0
0
RosConceptIntermediate · 4 min read

RLS Recursive Least Squares Algorithm in Signal Processing Explained

The RLS (Recursive Least Squares) algorithm is a method in signal processing that updates filter coefficients to minimize the error between predicted and actual signals in real-time. It uses past data efficiently by recursively adjusting parameters, making it faster and more accurate than simple methods like LMS.
⚙️

How It Works

The RLS algorithm works like a smart learner that updates its understanding every time it gets new information. Imagine you are trying to guess the temperature outside based on past days. Instead of starting fresh each day, you adjust your guess by considering how wrong you were before and how the weather changed.

In signal processing, RLS updates filter weights to reduce the difference between the predicted signal and the actual signal. It does this by using a recursive formula that remembers past data through a matrix called the inverse correlation matrix.

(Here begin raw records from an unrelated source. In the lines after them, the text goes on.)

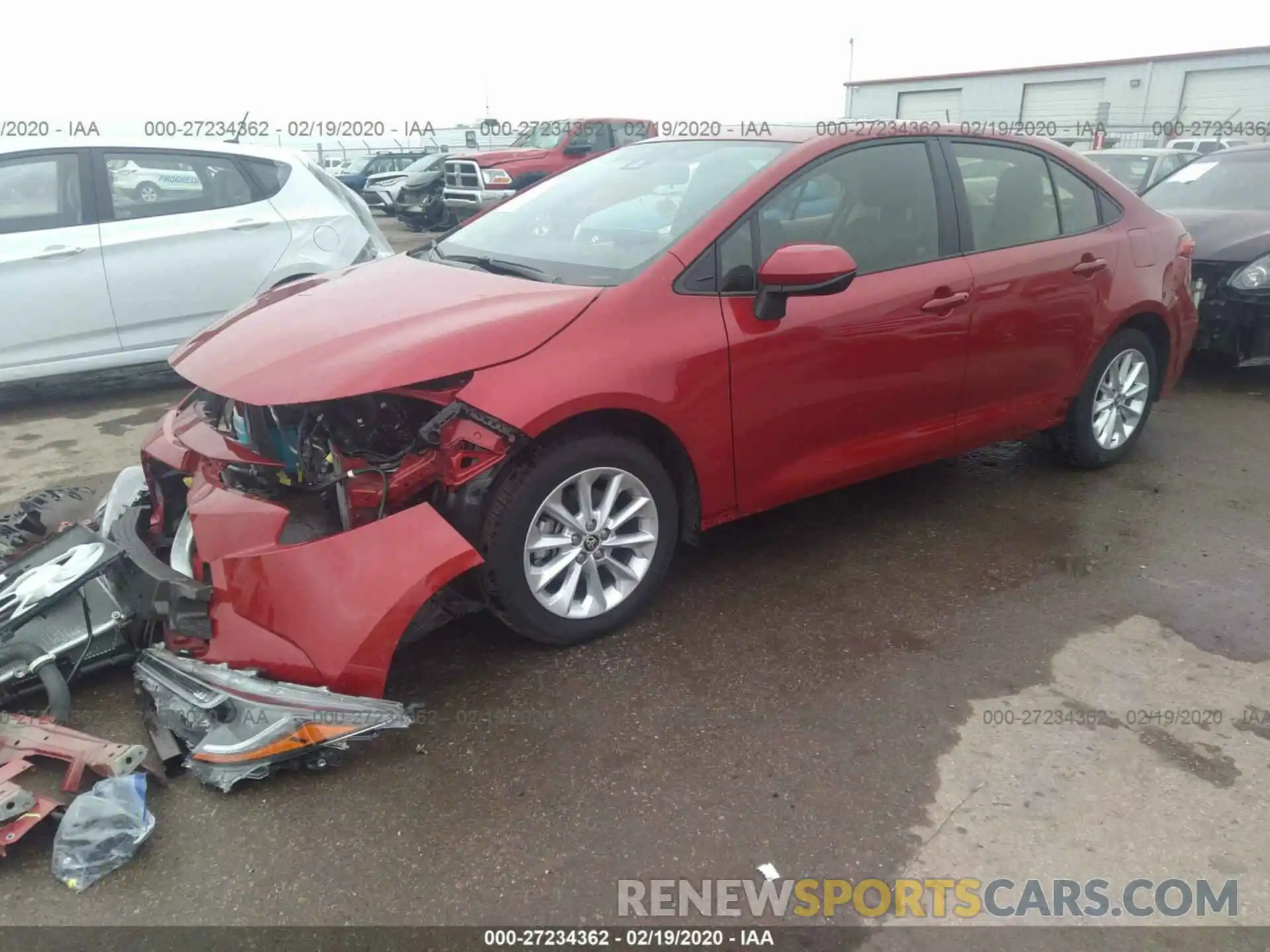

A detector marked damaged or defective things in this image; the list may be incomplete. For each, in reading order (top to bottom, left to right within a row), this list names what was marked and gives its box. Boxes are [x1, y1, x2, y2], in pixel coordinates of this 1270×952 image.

crumpled hood [460, 146, 550, 167]
crumpled hood [169, 253, 601, 405]
crumpled hood [1159, 209, 1270, 264]
detached headlight [1228, 255, 1270, 292]
damaged red sedan [82, 126, 1201, 783]
crushed front end [103, 381, 521, 788]
broken bumper [134, 651, 413, 793]
detached headlight [135, 648, 413, 793]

This makes RLS very fast and accurate, especially when signals change quickly.

💻

Example

This example shows a simple RLS filter estimating a signal with noise. The code updates filter weights step-by-step to minimize error.

python
import numpy as np

# Parameters
n = 50  # number of samples
filter_order = 2
lambda_ = 0.99  # forgetting factor

def rls(x, d, filter_order, lambda_):
    n = len(x)
    w = np.zeros(filter_order)  # filter weights
    P = np.eye(filter_order) * 1000  # inverse correlation matrix
    y = np.zeros(n)
    e = np.zeros(n)

    for i in range(filter_order, n):
        x_vec = x[i-filter_order:i][::-1]  # input vector
        y[i] = np.dot(w, x_vec)  # filter output
        e[i] = d[i] - y[i]  # error

        Pi_x = P @ x_vec
        k = Pi_x / (lambda_ + x_vec.T @ Pi_x)  # gain vector

        w = w + k * e[i]  # update weights
        P = (P - np.outer(k, Pi_x)) / lambda_  # update inverse correlation matrix

    return y, e, w

# Create a signal and noisy measurement
np.random.seed(0)
x = np.sin(0.2 * np.arange(n))
d = x + 0.1 * np.random.randn(n)  # noisy signal

# Run RLS
output, error, weights = rls(d, x, filter_order, lambda_)

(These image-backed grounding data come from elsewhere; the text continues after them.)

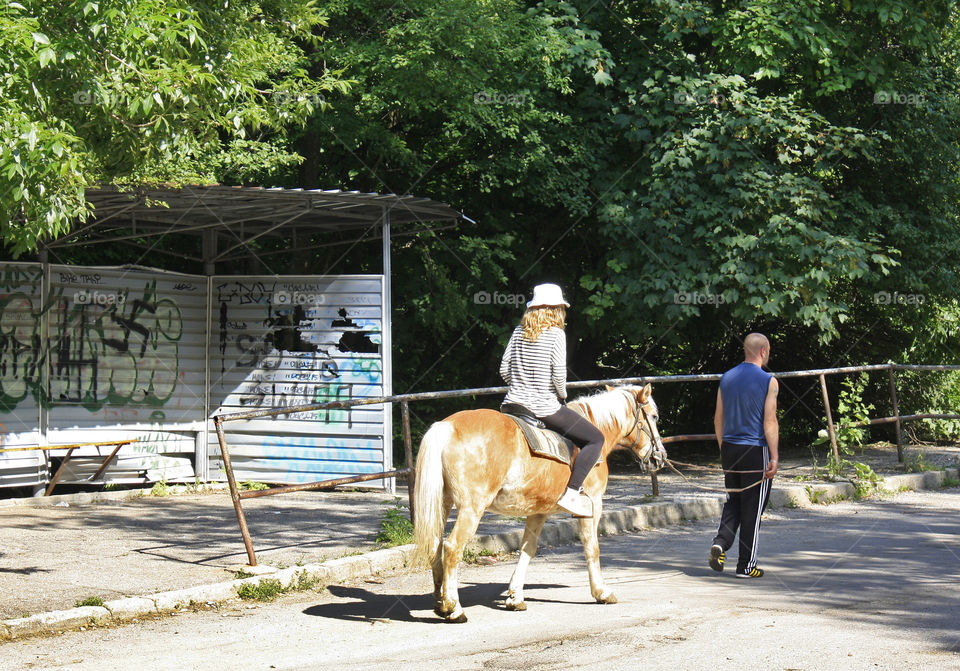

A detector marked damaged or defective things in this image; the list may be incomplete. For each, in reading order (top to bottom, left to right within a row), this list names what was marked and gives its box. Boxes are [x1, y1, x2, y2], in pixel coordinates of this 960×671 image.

rusty metal post [816, 372, 840, 468]
rusty metal post [888, 370, 904, 464]
rusty metal post [215, 414, 258, 568]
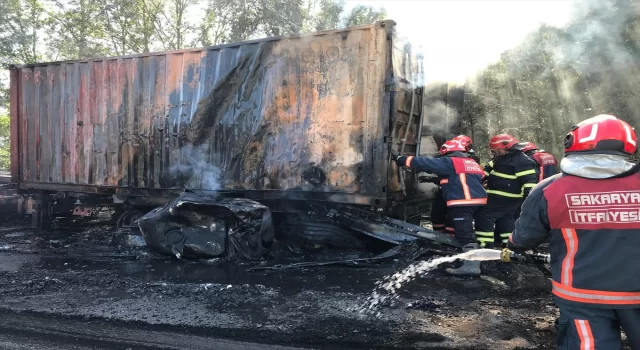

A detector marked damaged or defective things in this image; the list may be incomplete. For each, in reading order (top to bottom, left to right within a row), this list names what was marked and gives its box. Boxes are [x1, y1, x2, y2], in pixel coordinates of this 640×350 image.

rusted trailer panel [8, 20, 424, 209]
burned truck trailer [7, 19, 430, 227]
charred truck body [7, 21, 432, 230]
burned vehicle wreckage [5, 20, 458, 258]
charred tire [278, 217, 368, 250]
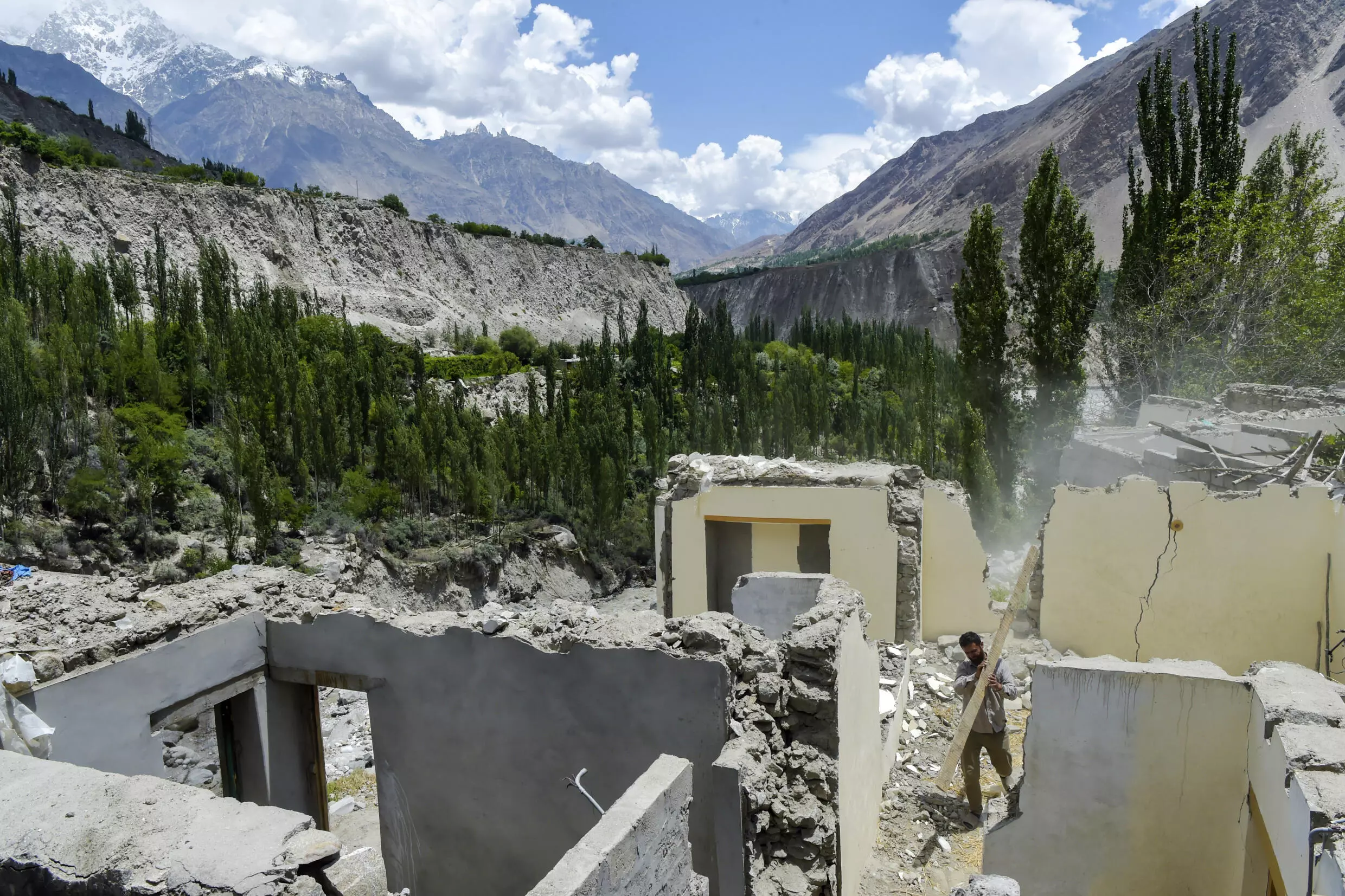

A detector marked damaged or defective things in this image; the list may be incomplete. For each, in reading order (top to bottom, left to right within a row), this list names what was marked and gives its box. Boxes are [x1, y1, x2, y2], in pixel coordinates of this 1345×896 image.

broken concrete slab [1, 750, 325, 896]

print(f"Final filter weights: {weights}")
print(f"Last 5 errors: {error[-5:]}")
Output
Final filter weights: [0.927 0.147] Last 5 errors: [-0.006 0.004 -0.002 0.001 -0.001]
🎯

When to Use

Use the RLS algorithm when you need fast and accurate adaptation to changing signals. It is ideal for applications like noise cancellation in headphones, echo suppression in phones, and channel equalization in communications where signals vary quickly.

Compared to simpler methods, RLS converges faster and tracks changes better, but it requires more computation. So, it is best when accuracy and speed matter more than computational cost.

Key Points

  • RLS updates filter weights recursively to minimize prediction error.
  • It uses past data efficiently with a forgetting factor to adapt to changes.
  • Faster and more accurate than simpler algorithms like LMS.
  • Commonly used in adaptive filtering tasks in real-time signal processing.
  • Requires more computation but offers better performance in dynamic environments.

Key Takeaways

RLS is a fast adaptive algorithm that updates filter weights to minimize error recursively.
It efficiently uses past data with a forgetting factor to adapt to changing signals.
RLS is preferred when quick and accurate signal tracking is needed despite higher computation.
Common uses include noise cancellation, echo suppression, and communication channel equalization.
Understanding RLS helps improve real-time signal processing applications.